A growing body of research suggests the answer lies not in teaching students how to use a particular AI system, but in helping them understand the computational ideas that make those systems possible. Computational thinking refers to a set of problem-solving practices used in computer science and other analytical disciplines. These skills apply not only to programming but also to fields ranging from engineering to public policy .

Computational thinking encompasses several interconnected abilities:

• Breaking Down Problems: Decomposing complex problems into smaller, manageable components that can be solved individually
• Pattern Recognition: Identifying recurring patterns and similarities across different problems and contexts
• Process Design: Creating step-by-step procedures and algorithms to solve problems systematically
• System Evaluation: Analyzing and evaluating the outputs of automated systems to understand how they produce results

When students learn computational thinking, they gain the ability to analyze how technologies like AI produce results rather than simply accepting those results as authoritative. This provides a conceptual bridge between traditional academic skills and emerging digital systems .

Many teachers in the research study were already moving in this direction, often without using the term computational thinking.

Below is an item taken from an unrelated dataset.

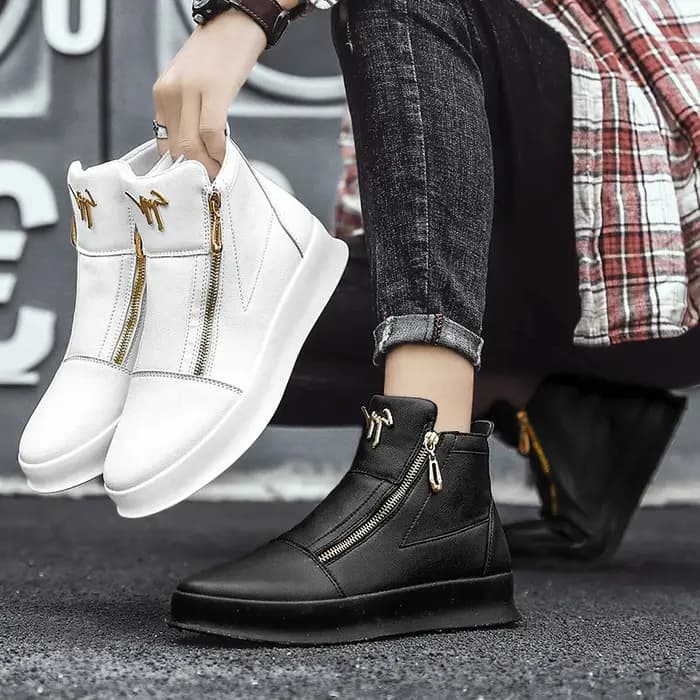 Marque de mode hommes baskets hautes offre spéciale plate-forme blanche chaussures décontractées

When teachers asked students to analyze chatbot errors, they were encouraging students to examine how algorithmic systems produce outputs. When they designed exercises comparing training data and algorithms to everyday processes, they were helping students reason about how automated systems work .

How to Build AI Literacy Without Relying on AI Tools

Several practical approaches are already emerging in classrooms that position AI as a learning object rather than a learning tool:

• Analysis-Based Learning: Use AI systems as objects of analysis, asking students to evaluate outputs, identify errors, and investigate how models generate responses rather than using the tools to complete assignments
• Broader Context Lessons: Connect AI to wider topics such as data quality, algorithmic bias, and information reliability to help students understand the systemic implications of automated systems
• Reasoning-Centered Assignments: Emphasize structured problem solving, evidence evaluation, and critical thinking that remain central to learning regardless of which tools dominate in the future

These approaches allow students to engage with AI without allowing the technology to replace the thinking process itself. They align with longstanding educational goals around critical thinking, media literacy, and problem-solving .

The research team noted that if the instructional use case for generative AI remains uncertain, educators may benefit from focusing on skills that remain valuable regardless of which tools dominate in the future. A fourth-grade teacher's question captured the practical reality: "What can I actually use this for?"

What Comes Next for EdTech Companies and Schools?

The research also highlights an opportunity for edtech companies. Many current AI tools were developed as general-purpose language systems and later introduced into education contexts. As a result, teachers are often left to determine whether and how those tools align with classroom learning goals .

Teachers in the study were already experimenting with small classroom applications, designing AI literacy lessons, and building course-specific chatbots. These experiments resemble early-stage product development. Partnerships between educators, edtech developers, and product managers could help identify instructional problems that AI systems could realistically address .

Rather than assuming that AI will inevitably transform classrooms, the next phase of research will focus on identifying the conditions under which AI tools actually support teaching and learning and how to reduce harm when they don't. The research team is beginning this work by partnering with school districts to develop governance frameworks for AI use in education and inviting edtech companies interested in exploring these questions collaboratively .

The takeaway is clear: the most durable educational strategy may not be teaching students to use today's AI tools, but rather helping them understand the computational thinking that makes those tools possible. That skill will outlast any particular technology.